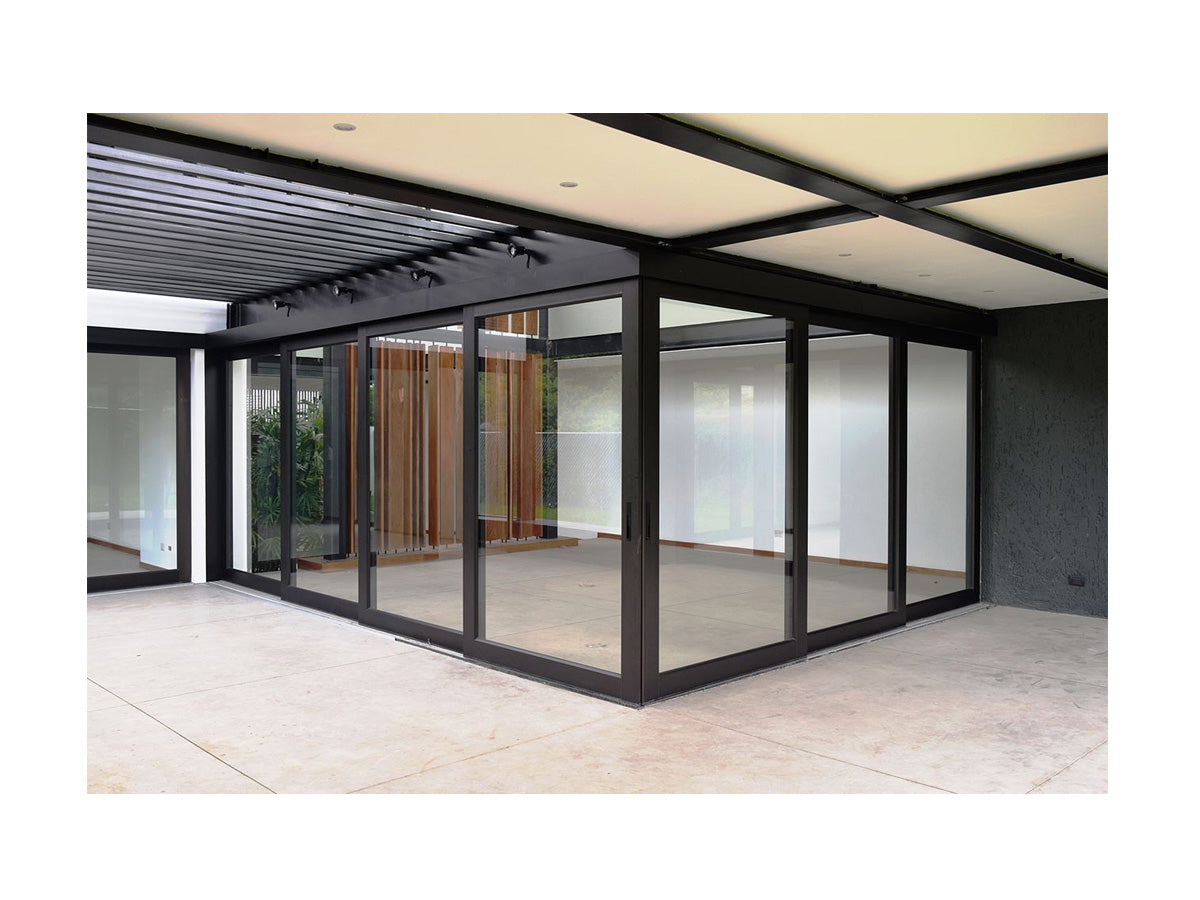 200SD Sliding Bypass Door Hardware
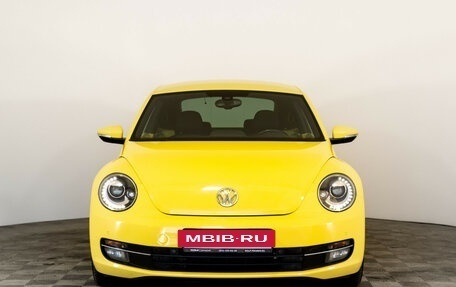 Volkswagen Beetle, 2013 год, 1 750 000 рублей, 3 фотография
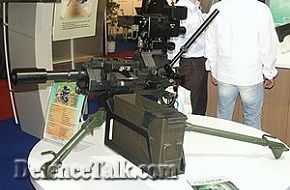 CIS 40AGL automatic grenade launcher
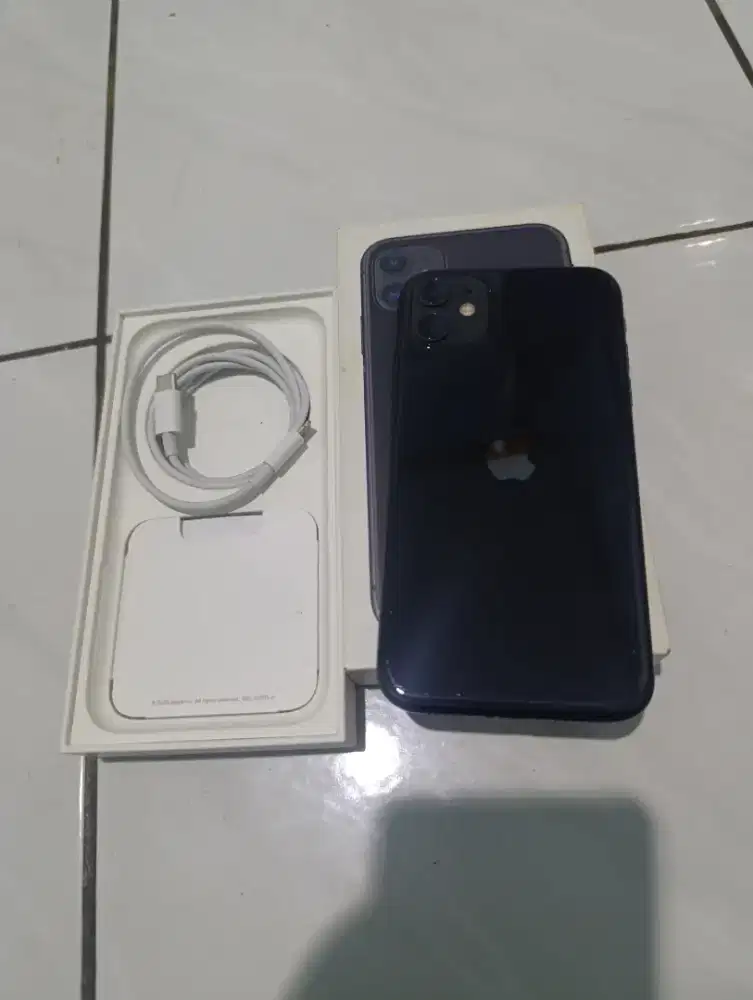 Iphone 11 64 gb second ibox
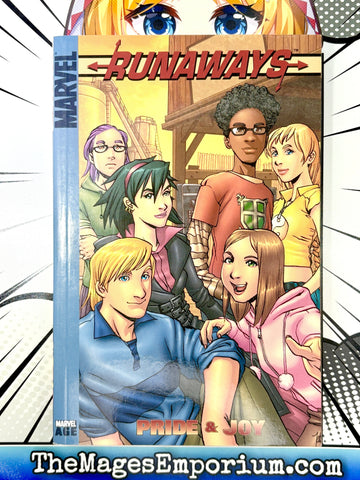 Marvel Runaways Vol 1 (Online Order Only)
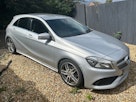 Mercedes A 200 D AMG Line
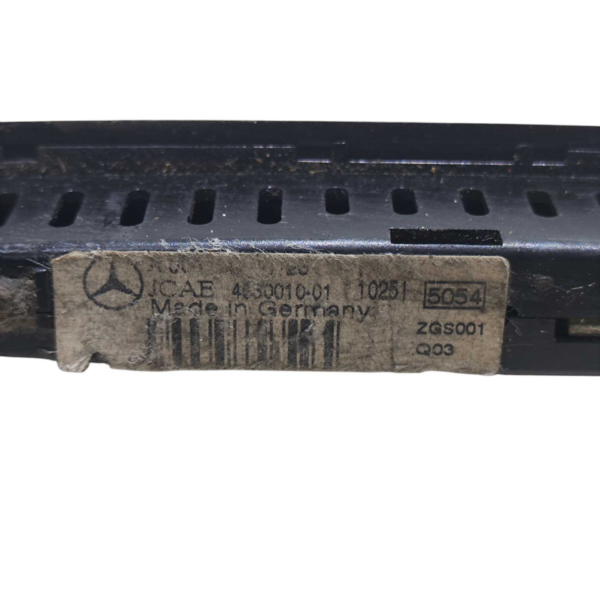 SENSOR ESTACIONAMENTO MERCEDES E350 3.5 2010 2011 2012 - Imagem 8
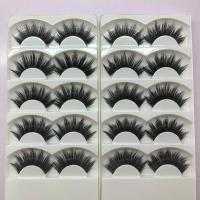 胶水款十对舞台款14mm无胶水 假睫毛 磁力眼线液睫毛三对装免胶水 磁力吸附 工厂店直销
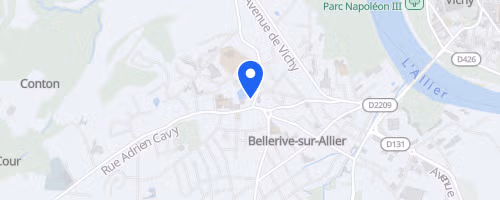 L'hivernale - Bellerive-sur-Allier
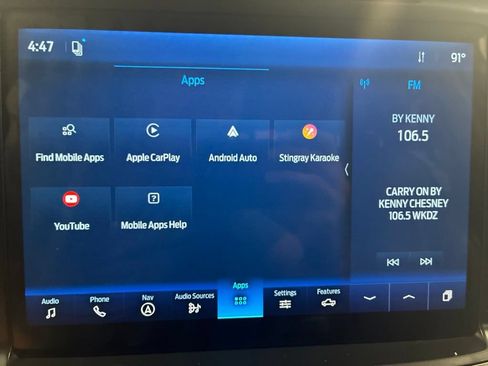 Used 2021 Ford F150 Lariat w/ Equipment Group 501A Mid AWD/4WD image 29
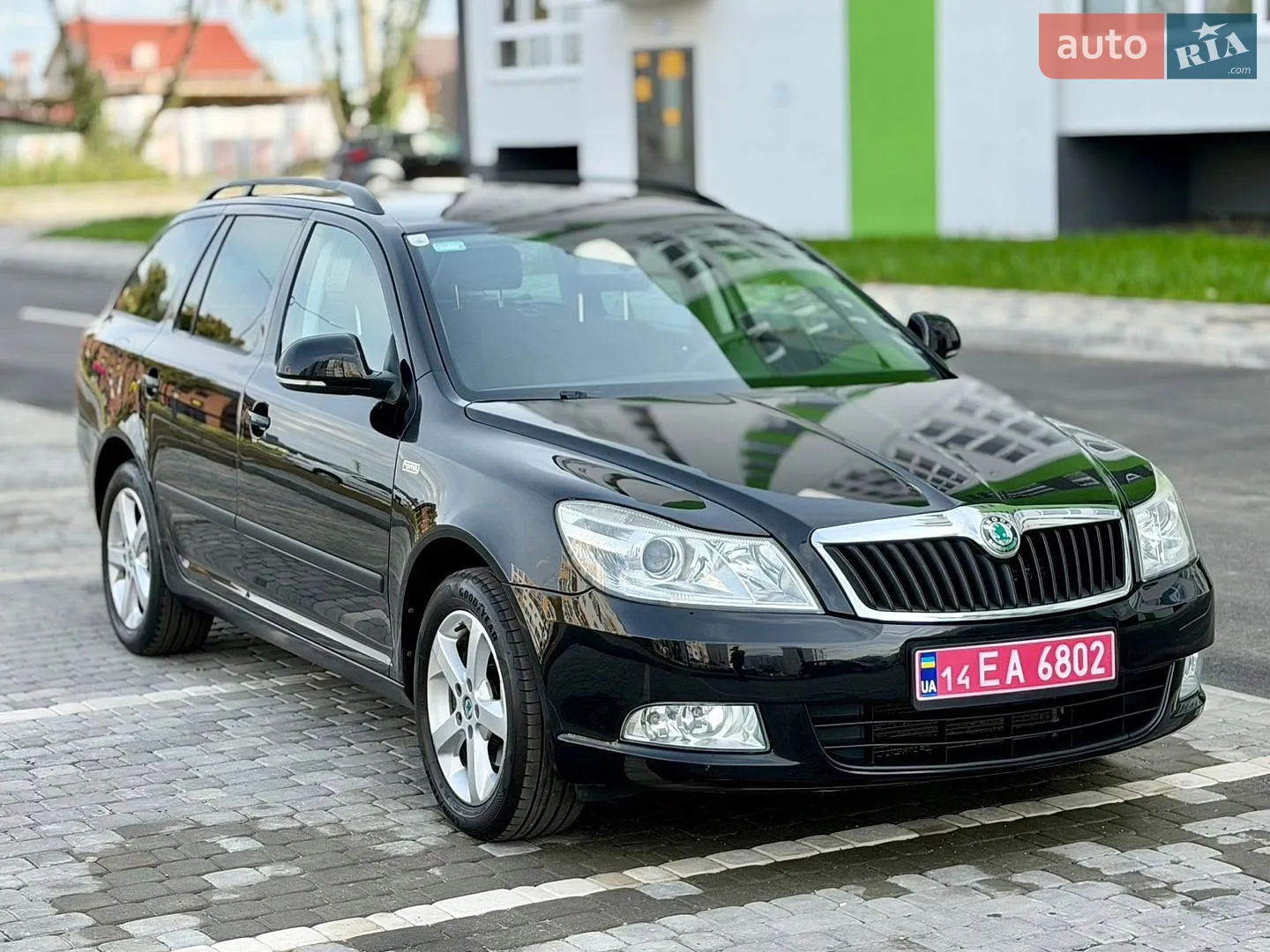 2011 Skoda Octavia - мініатюра 20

----

-- EXERCISE AIM --
Repeat, with no pictures, each line from the beginning of the data through the line containing "Mercedes A 200 D AMG Line", inclusive.

-- EXERCISE OUTPUT --
 200SD Sliding Bypass Door Hardware
 Volkswagen Beetle, 2013 год, 1 750 000 рублей, 3 фотография
 CIS 40AGL automatic grenade launcher
 Iphone 11 64 gb second ibox
 Marvel Runaways Vol 1 (Online Order Only)
 Mercedes A 200 D AMG Line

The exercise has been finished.